Par François Jarraud
La mission académique innovation du Rectorat de Paris s’est intéressée aux pratiques et dispositifs à visée philosophique dans les établissements de Paris. Une enquête de terrain a été menée sur les dispositifs mis en place : élèves, enseignants, animateurs et théoriciens de ces pratiques ont été rencontrés. La revue (in)novatio de la mission a ce thème pour sujet avec l’objectif d’appréhender l’intérêt de ces ateliers et de transmettre des expériences de terrain considérées comme réussies car porteuses d’enjeux pédagogiques fondamentaux qui posent question à l’Ecole.
L’objet de notre enquête
A Paris, les pratiques et dispositifs à visée philosophique sont variés, de même que les cadres dans lesquels ils s’inscrivent : à l’intérieur du dispositif de socialisation et d’apprentissage , hors de l’emploi du temps des élèves pour créer du lien et des espaces de réflexion dans les établissements, dans l’emploi du temps de manière quotidienne pour permettre à tous les élèves de s’exprimer et de réfléchir différemment, dans le cadre des ateliers des Réseaux d’Aides Spécialisées aux Elèves en Difficulté. Ces pratiques ont lieu de l’École primaire au Lycée Professionnel en passant par le Collège. Elles dénotent d’une volonté forte de la part des acteurs de l’éducation de penser l’École et la transmission des savoirs. Les différents enseignants, praticiens, chercheurs que nous avons rencontrés se rejoignent sur ce point : il est important de créer au sein des établissements des espaces différents qui admettent la réflexion de chacun.
Pourquoi ces espaces interstitiels apparaissent-ils comme essentiels ? Que disent-ils sur l’École?
La mise en place d’ateliers philo dans les écoles primaire et collèges de notre terrain – hors des dispositifs de prise en charge différenciée – répond majoritairement à la prise en compte de difficultés rencontrées par certains élèves : non-participation en classe, comportements turbulents, difficultés pour entrer dans les apprentissages, violences. Comme l’explique Véronique Schmauch, principale du collège Mozart, classé ZEP, « Un établissement comme le collège Mozart a des besoins spécifiques. Les enfants sont la plupart du temps en grande difficulté scolaire. L’atelier philo peut leur permettre de s’exprimer (…) Ces enfants sont souvent dans un environnement d’échec. (…) Certains sont incapables de rentrer dans le personnage du collégien. Peut-être que l’atelier philo peut leur permettre de répondre à la question: « Qu’est-ce que je viens faire ici? Comment je peux le faire?»

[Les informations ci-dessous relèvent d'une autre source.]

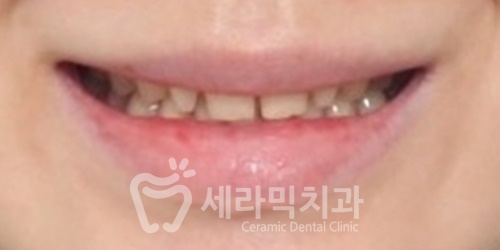 벌어진 앞니, 최소삭제 라미네이트 전후 관련 이미지 2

Il ne s’agit pas de mettre à l’écart les enfants en difficulté en les faisant participer à des ateliers qui leur seraient uniquement destinés mais de créer au sein des établissements ou des classes, des espaces autres pour un ensemble d’élèves non différenciés. Est-ce que cela a un poids dans ce type d’établissement ? La question mérite réflexion et débat. Selon nous, et après notre enquête, il est possible de l’affirmer. Un poids relatif, un souffle qui permet à des élèves de se connaître autrement, d’être et d’apprendre autrement, de réapprendre à trouver le temps de penser, à s’installer dans une temporalité différente.
Nous avons constaté que, bien qu’instaurés dans un objectif de remédiation ou de prise en compte des difficultés, ce qui importe réellement – outre leur existence – c’est ce qui se passe lors des ateliers. Ils font figure d’espace intermédiaire dans l’établissement ou l’emploi du temps des élèves. Ils ne sont pas conditionnés à un programme, ni à des évaluations. « Lors des ateliers philo, la relation à l’adulte n’est pas la même parce qu’il n’y a ni évaluation finale, ni programme. C’est un plus, humainement parlant, car c’est un espace de parole » estime Véronique Schmauch, principale du collège Mozart.
Dans les trois lycées professionnels où nous avons enquêté, les publics sont volontaires. Les objectifs diffèrent. Il ne s’agit plus tant de remédier à des problèmes que de valoriser des élèves souvent dévalorisés car n’étant pas dans une filière générale.
Il existe en outre plusieurs équipes qui ont créé des ateliers philo dans un but que nous qualifierons d’humaniste. Les objectifs ne sont plus directement de remédier à des difficultés mais de considérer l’élève comme un être en processus de construction de sa pensée, processus qu’il s’agit de prendre en compte dans le cadre de la scolarité, hors des sentiers cadrés des programmes et des évaluations.
Dans le cadre des dispositifs de prise en charge différenciée, les élèves sont déjà dans une situation où l’on cherche à remédier aux difficultés qu’ils rencontrent et qu’ils propagent parfois dans les établissements. Mais, si, majoritairement, les ateliers philo sont créés avec l’objectif de remédier à une situation jugée difficile, nous avons pu néanmoins nous rendre compte que c’est toujours aussi dans le but de permettre à des élèves de trouver des espaces, au sein même de l’École, qui leur permettent de s’exprimer sur des sujets intellectuellement complexes et donc hautement valorisants.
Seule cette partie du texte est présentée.